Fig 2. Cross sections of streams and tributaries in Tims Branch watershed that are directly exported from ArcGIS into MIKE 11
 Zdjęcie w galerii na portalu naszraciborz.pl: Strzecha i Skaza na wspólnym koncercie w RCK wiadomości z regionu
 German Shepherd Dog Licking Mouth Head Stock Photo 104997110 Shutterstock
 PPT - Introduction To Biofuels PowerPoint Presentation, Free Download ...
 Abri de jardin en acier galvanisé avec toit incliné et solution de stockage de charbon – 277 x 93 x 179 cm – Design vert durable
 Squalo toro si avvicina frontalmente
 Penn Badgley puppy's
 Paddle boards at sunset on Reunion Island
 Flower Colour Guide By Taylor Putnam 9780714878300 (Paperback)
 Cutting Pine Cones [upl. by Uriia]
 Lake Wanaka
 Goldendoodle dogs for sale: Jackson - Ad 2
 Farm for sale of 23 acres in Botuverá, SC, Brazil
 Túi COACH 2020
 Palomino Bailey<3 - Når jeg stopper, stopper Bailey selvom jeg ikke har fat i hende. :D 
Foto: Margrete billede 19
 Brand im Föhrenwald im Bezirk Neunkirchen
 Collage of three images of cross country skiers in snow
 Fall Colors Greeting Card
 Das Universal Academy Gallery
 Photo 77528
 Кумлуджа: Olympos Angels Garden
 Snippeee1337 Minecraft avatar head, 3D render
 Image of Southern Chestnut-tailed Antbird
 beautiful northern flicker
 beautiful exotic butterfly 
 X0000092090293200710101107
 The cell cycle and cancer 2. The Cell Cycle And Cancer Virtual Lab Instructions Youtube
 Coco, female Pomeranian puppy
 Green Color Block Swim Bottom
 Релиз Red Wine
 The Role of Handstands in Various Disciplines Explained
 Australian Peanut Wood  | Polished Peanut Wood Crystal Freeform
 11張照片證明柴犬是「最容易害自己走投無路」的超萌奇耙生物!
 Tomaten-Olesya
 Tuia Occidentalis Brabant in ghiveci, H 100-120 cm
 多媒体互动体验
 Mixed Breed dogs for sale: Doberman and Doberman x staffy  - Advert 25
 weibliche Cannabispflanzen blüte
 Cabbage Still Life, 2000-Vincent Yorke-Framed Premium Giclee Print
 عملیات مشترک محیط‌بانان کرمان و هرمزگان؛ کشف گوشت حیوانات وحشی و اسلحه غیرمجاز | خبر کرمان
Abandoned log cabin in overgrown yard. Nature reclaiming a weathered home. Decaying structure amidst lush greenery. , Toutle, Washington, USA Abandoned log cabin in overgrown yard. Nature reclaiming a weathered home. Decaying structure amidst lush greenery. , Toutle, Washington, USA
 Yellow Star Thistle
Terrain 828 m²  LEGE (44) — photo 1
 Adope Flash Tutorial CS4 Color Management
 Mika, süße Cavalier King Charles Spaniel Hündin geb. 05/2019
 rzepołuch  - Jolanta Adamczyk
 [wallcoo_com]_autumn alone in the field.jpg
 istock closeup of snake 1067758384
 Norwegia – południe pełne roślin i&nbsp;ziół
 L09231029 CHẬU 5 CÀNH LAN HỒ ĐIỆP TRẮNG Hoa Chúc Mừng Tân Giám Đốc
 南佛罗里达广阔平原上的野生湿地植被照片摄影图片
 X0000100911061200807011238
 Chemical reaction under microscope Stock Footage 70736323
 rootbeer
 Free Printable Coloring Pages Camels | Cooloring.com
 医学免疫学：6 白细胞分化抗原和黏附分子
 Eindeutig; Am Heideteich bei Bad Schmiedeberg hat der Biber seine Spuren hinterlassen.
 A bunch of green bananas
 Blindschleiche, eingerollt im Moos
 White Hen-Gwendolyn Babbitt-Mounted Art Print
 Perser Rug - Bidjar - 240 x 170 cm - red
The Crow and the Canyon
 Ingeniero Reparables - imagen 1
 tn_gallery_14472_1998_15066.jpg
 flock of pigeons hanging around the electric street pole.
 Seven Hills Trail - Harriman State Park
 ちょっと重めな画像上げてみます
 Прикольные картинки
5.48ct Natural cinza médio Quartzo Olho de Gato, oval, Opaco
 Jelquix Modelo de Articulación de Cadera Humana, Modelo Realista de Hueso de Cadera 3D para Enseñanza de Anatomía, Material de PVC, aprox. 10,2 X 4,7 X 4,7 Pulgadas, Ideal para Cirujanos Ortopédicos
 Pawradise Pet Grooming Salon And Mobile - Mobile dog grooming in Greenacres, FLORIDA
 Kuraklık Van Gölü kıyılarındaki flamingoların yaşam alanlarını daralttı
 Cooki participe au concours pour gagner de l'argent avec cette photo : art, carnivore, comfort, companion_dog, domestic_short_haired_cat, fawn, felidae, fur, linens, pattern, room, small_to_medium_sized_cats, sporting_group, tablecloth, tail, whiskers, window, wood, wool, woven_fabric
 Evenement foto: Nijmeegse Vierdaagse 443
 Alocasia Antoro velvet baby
==============================
Which lines run from the one holding "Goldendoodle dogs for sale: Jackson - Ad 2" through the one holding "Кумлуджа: Olympos Angels Garden" in the records above? Repeat them exactly, both included, and nothing more.

 Goldendoodle dogs for sale: Jackson - Ad 2
 Farm for sale of 23 acres in Botuverá, SC, Brazil
 Túi COACH 2020
 Palomino Bailey<3 - Når jeg stopper, stopper Bailey selvom jeg ikke har fat i hende. :D 
Foto: Margrete billede 19
 Brand im Föhrenwald im Bezirk Neunkirchen
 Collage of three images of cross country skiers in snow
 Fall Colors Greeting Card
 Das Universal Academy Gallery
 Photo 77528
 Кумлуджа: Olympos Angels Garden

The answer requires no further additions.